18. Odunga J. in George Kimotho Ilewe Annastacia Wanza Muthuka & Joseph Mutuku Ngewa (suing as legal representatives of the estate of Judy Kioo Wanza – deceased) stated that:-“It is not enough to simply speculate that the Respondent, a successful litigant would not be able to refund the decretal sum. As far as the Court is concerned, she is a successful litigant and is entitled to the sum decreed in her favour. Similarly, there is no allegation that the payment of the said sum would ruin the applicant’s business.” See in Bungoma High Court Misc Application No 42 of 2011 - James Wangalwa & Another vs. Agnes Naliaka Cheseto and James Wangalwa & Another vs. Agnes Naliaka Cheseto [2012] eKLR.” 19. Gichuhi, Ag.JA (as he then was) in Kenya Shell Limited vs. Kibiru [1986] KLR 410, at 417 held:““It is not sufficient by merely stating that the sum of Shs. 20,380. 00 is a lot of money and the applicant would suffer loss if the money is paid. What sort of loss would this be? In an application of this nature, the applicant should show the damages it would suffer if the order for stay is not granted. By granting a stay would mean that status quo should remain as it were before judgement. What assurance can there be of appeal succeeding? On the other hand, granting the stay would be denying a successful litigant of the fruits of his judgement.”

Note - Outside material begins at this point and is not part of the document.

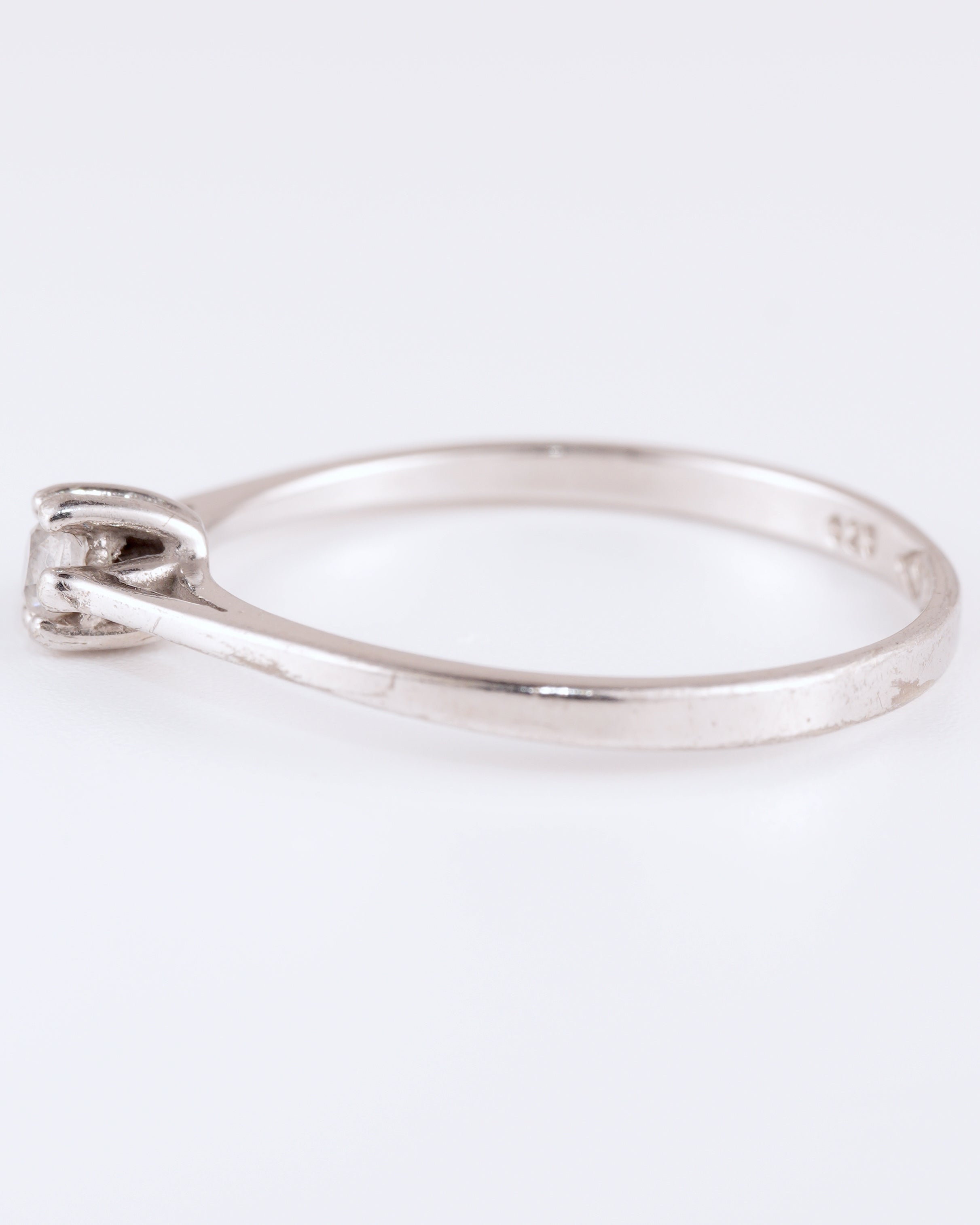 Filigraner Solitär-Ring aus Silber mit klarem Stein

20. It therefore follows that the Applicant must demonstrate the loss he/she would suffer if the decretal sum is paid to the Respondent.

21. The Court notes that despite the Respondent not stating in his affidavit whether the company is capable of refunding the decretal mount or furnishing the court with documentary evidence if paid to him, the Applicant has not demonstrated what substantial loss it will suffer. The Applicant has simply stated that there was an imminent threat of execution which will render the appeal an academic exercise.

22. The Court is of the view the Applicant/Appellant has not demonstrated the substantial and/or irreparable damage and loss they will suffer. The ground thus fails.

Unreasonable Delay 23. On the second condition, the Applicant stated that the application for stay of execution was filed without unreasonable delay or undue delay. The court notes that the judgment of the Trial Court was entered on 21. 12. 23 and the application was filed on 04. 04. 23. some few months later which is unreasonable delay.

24. The Court finds that there is undue delay in filing the application herein.

Furnish Security 25. The Applicant stated that it was willing to abide with the terms of security that the court will order.

26. The Court in Focin Motorcycle Co. Limited vs. Ann Wambui Wangui & another [2018] eKLR, stated that:-“Where the applicant proposes to provide security as the Applicant has done, it is a mark of good faith that the application for stay is not just meant to deny the respondent the fruits of judgment. My view is that it is sufficient for the applicant to state that he is ready to provide security or to propose the kind of security but it is the discretion of the Court to determine the security. The Applicant has offered to provide security and has therefore satisfied this ground for stay.”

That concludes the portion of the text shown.